New evidence links inflammation and increased prostate cancer risk
UCLA researchers have discovered a previously unrecognized type of progenitor cell that, though rare in most regions of the human prostate, is found in uncommonly high numbers in inflamed areas of the gland. These progenitor cells have the ability to initiate prostate cancer in response to genetic changes. The study results suggest inflammation increases overall risk for the disease by increasing the available pool of progenitor cells that can develop into prostate cancer.
Scientists have known that one of the risk factors for high-grade prostate cancer is chronic inflammation of the prostate (a process in which cells from the immune system have taken up residence in the gland), but they have been unsure how this process led to cancer. UCLA-led research previously showed that two different types of cells, known as basal and luminal, represented potential progenitor cells and, with varying degrees of aggressiveness, could initiate prostate cancer. Further research by colleagues at Johns Hopkins Medical Center observed that prostate cells in the proximity of inflammation appeared different under the microscope and expressed different genes, leading to the hypothesis that they were more likely to proliferate than prostate cells from areas without inflammation. The UCLA-led team was able to test this hypothesis in human cells and found that cells from areas with inflammation are progenitor cells that can initiate aggressive tumors, validating their previous hypothesis and laying the foundation for the new study.

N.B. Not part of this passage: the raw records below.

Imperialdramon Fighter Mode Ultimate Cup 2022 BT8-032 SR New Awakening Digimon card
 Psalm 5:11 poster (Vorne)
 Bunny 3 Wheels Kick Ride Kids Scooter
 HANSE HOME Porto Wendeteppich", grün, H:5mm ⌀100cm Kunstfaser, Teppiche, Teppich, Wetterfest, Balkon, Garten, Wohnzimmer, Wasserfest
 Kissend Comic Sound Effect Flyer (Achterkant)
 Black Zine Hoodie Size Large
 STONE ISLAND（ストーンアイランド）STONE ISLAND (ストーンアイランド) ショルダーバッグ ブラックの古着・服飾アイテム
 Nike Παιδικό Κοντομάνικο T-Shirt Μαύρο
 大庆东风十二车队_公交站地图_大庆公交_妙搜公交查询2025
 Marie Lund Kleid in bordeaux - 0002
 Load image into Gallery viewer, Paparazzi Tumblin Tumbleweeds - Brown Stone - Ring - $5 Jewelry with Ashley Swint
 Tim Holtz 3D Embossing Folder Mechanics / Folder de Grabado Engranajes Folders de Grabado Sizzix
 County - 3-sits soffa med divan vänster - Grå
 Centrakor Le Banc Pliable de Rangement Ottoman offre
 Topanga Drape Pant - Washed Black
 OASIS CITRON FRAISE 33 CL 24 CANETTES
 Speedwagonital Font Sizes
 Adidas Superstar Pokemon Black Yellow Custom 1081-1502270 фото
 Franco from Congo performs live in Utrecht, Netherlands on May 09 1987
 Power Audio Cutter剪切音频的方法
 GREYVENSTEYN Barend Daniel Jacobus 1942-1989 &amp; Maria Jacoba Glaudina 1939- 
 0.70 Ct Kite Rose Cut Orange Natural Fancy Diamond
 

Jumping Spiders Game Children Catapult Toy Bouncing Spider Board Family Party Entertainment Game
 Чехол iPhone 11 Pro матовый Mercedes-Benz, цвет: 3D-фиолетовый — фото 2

Led by Dr. Andrew Goldstein, an assistant professor of molecular biology, the UCLA researchers investigated the CD38 gene, which is expressed by most (but not all) luminal cells in the human prostate. By comparing luminal cells that express CD38 with those that do not, they found that a greater proportion of luminal cells without CD38 had the potential to expand and grow. Results also showed that these CD38-negative luminal progenitor cells are rare in regions without inflammation but are significantly more common in regions of inflammation.
The UCLA team then discovered that prostate tumors without CD38 were also more likely to be aggressive, to recur after initial treatment and to metastasize. The scientists hypothesized that the aggressive cancers that do not express CD38 may also arise in luminal cells that do not express CD38. These luminal progenitor cells without CD38 were found to be target cells for transformation, meaning that they can initiate cancer.
Prostate cancer is the second leading cause of cancer death in American men, behind only lung cancer. About 1 man in 39 will die of prostate cancer each year, and an estimated 180,000 new cases of the disease are reported annually in the United States. The study furthers researchers’ understanding of the role that inflammation, progenitor cells and the CD38 gene play in the development of prostate cancer, and these findings can help lead to the development of improved treatments and screening methods for the disease.
Goldstein is senior author of the study. The study’s first author is Xian Liu, a former member of Goldstein’s laboratory. Additional co-authors include Dr. Haley Hieronymus and Dr. Charles Sawyers of the Memorial Sloan-Kettering Cancer Center, and Dr. Tristan Grogan, Dr. Takao Hashimoto, Dr. Jack Mottahedeh, Dr. Donghui Cheng, Dr. Lijun Zhang, Dr. Kevin Huang, Dr. Tanya Stoyanova, Dr. Jung Wook Park, Dr. Ruzanna Shkhyan, Dr. Behdokht Nowroozizadeh, Dr. Matthew Rettig, Dr. David Elashoff, Dr. Steve Horvath, Dr. Jiaoti Huang and Dr. Owen Witte of UCLA. Goldstein, Rettig, Elashoff, Horvath and Witte are members of UCLA’s Jonsson Comprehensive Cancer Center.
The study was published online today in Cell Reports.
The study was funded by the U.S. Department of Defense and the Prostate Cancer Foundation. The research was additionally supported by UCLA’s Broad Stem Cell Research Center and SPORE in Prostate Cancer.